DATA SHOWN section start

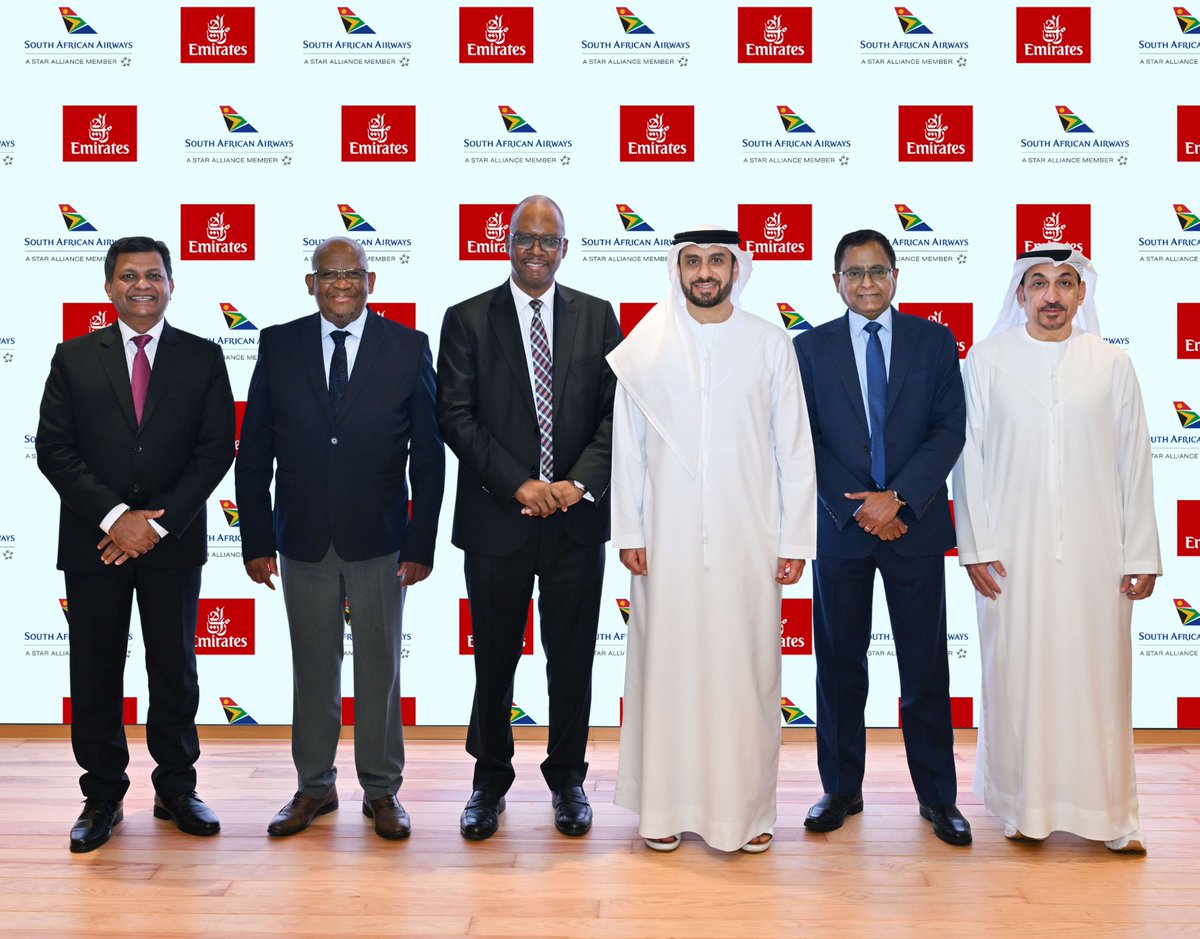 flysaa's tweet photo. South African Airways (SAA) and @emirates today announced an expansion of their codeshare partnership, enabling access to nine cities and establishing the start of a reciprocal codeshare agreement between both carriers. The expanded partnership opens more destinations across central and southern Africa, simplifying connectivity for customers.

Read full press release | https://t.co/nQjSQkUmvf

#SAA #FlySAA #Emirates #Codeshare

DATA SHOWN section end

### EXERCISE REQUIREMENTS
Give the listing again word for word. Skip any pictures.

### RESULT OF THIS EXERCISE
 flysaa's tweet photo. South African Airways (SAA) and @emirates today announced an expansion of their codeshare partnership, enabling access to nine cities and establishing the start of a reciprocal codeshare agreement between both carriers. The expanded partnership opens more destinations across central and southern Africa, simplifying connectivity for customers.

Read full press release | https://t.co/nQjSQkUmvf

#SAA #FlySAA #Emirates #Codeshare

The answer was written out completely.